Maka, jangan remehkan kalimat istighfar. Ia bisa menjadi penyelamat di dunia dan akhirat. Ia bisa menenangkan batin yang sempit, melapangkan jalan rezeki, dan memperbaiki hubungan yang retak. Bahkan dalam sistem kehidupan yang keras ini yang penuh tekanan, target, dan ketakutan, maka istighfar adalah ruang napas bagi jiwa.
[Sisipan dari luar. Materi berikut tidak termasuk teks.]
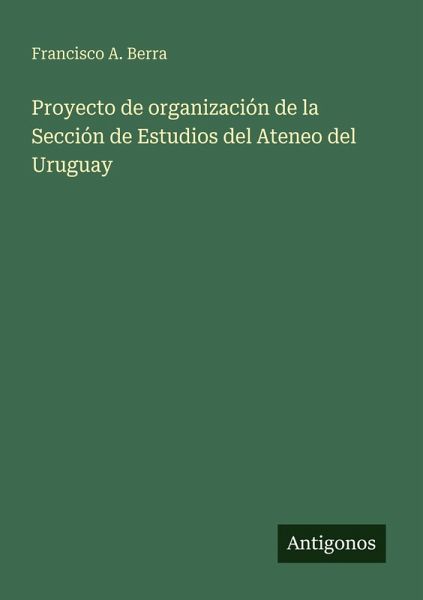 Proyecto de organización de la Sección de Estudios del Ateneo del Uruguay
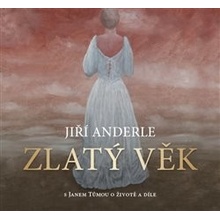 Zlatý věk - s Janem Tůmou o životě a díle - Jiří Anderle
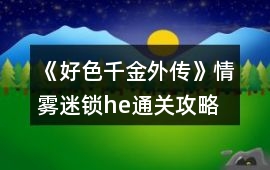 《好色千金外傳》情霧迷鎖he通關(guān)攻略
Di tengah gelap malam itu, Safa dan teman-temannya mungkin tidak sadar bahwa mereka sedang diajarkan satu pelajaran besar bahwa Allah selalu bersama orang-orang yang mengingatNya. Dan para ibu yang ikut berzikir dari rumah pun sedang diuji dalam versi yang sama, yaitu bagaimana mempercayai Allah, bahkan ketika tidak melihat anaknya secara langsung.
Begitulah hidup, nak.
Kadang Allah memadamkan lampu dunia agar kita menyalakan cahaya hati.
Kadang Allah membuat kita berjalan di kegelapan agar kita menemukan arah sejati, yaitu arah menuju kepadaNya. Dan cahaya itu bernama istighfar.
Bila hidup terasa gelap, perbanyaklah istighfar. Bila rezeki terasa sempit, perbanyaklah istighfar. Bila hati gelisah, perbanyaklah istighfar. Karena dalam setiap “Astaghfirullah” ada pintu-pintu yang terbuka, ada dosa yang luruh, ada beban yang terangkat, dan ada cinta Allah yang mendekat.
Jadi, jika suatu malam kau merasa gelap dan sendiri, ingatlah malam ketika Safa dan teman-temannya berjalan di hutan dengan senter kecil dan istighfar di bibir mereka.
Karena sejatinya, istighfar adalah senter paling terang yang tak pernah padam bahkan di kegelapan hati.
Dan jika dunia terasa gelap, jangan sibuk mencari lampu. Carilah Allah. Karena cahaya yang sejati hanya bisa ditemukan dalam kata, “Astaghfirullah.”